Can somebody educate me on the differences in the various types of cam arrangements out there? I have owned a number of one cams. But what is the difference in a binary, cam and a half, or two cam? I would like to learn.

Thanks


----------



## ElkJunky1208 (May 18, 2009)

it all has to do with the cable configurations...A single cam has one string and one y cable going from limb to cam. A hybrid is basically a glorified solocam, it has a string connecting cam to cam, a y cable (buss cable) that goes from limb to cam, and a control cable that goes from cam to cam; this control cable basically takes over the second half of the single string you have on a solocam.
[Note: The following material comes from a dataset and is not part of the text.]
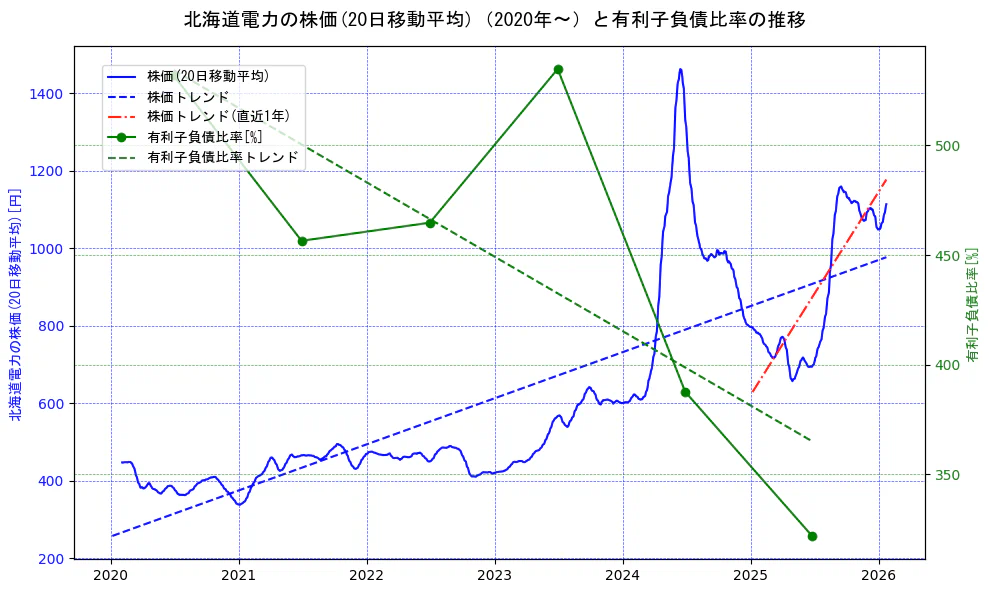 北海道電力の過去5年間の株価と有利子負債比率の推移を示す2軸グラフ。株価の回帰直線、有利子負債比率の回帰直線、直近1年間の株価回帰直線を含み、財務指標と市場評価の関係性を視覚化。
A binary cam has a string conecting cams, and two control cables that hook the top cam to the bottom cam so that they are slaved together; this ensures the cams are traveling the same exact speed and workin together. A 2 cam bow has one string connecting cams and two buss cables (y cables) that connect the top limb with the bottom cam, and the other connects the bottom limb to the top cam, this loads max energy in the limbs for more speed.


----------



## mitchell (Mar 5, 2005)

That helps a lot. I cannot say I understand it completely, but it is at least a beginning.

Is there any reading resource or DVD that you know of that would help me visualize the differences without owning the bows and a draw board?
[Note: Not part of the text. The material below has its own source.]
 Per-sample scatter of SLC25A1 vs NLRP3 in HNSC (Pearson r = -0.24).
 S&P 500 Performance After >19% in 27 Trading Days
By the way, thanks a bunch for the response. I was not so sure anybody would take the time. I appreciate the education.


----------



## ElkJunky1208 (May 18, 2009)

not sure of much reading but i can tell ya what companies do which bows. Hoyt is mostly hybrid cams, Bowtech is mostly Binary cams, and mathews does mostly solocams, and PSE had a few Dual cams last year.


----------



## Roskoes (Jun 17, 2007)

I have never thought of the hybrid cam as a "glorified solo cam" - it strikes me more as a somewhat complex attempt to engineer the binary cam concept to allow for the fact that the nocking point is not at the midpoint of the axle to axle distance.


----------



## FS560 (May 22, 2002)

The hybrid is just a one cam bow with the long string split into a bowstring and a control cable and with a two track control unit at the top that looks like a cam but is simply a device to more precisely control the nock path.


----------



## doughboy181 (Oct 2, 2010)

Good to know. I was curious myself!


----------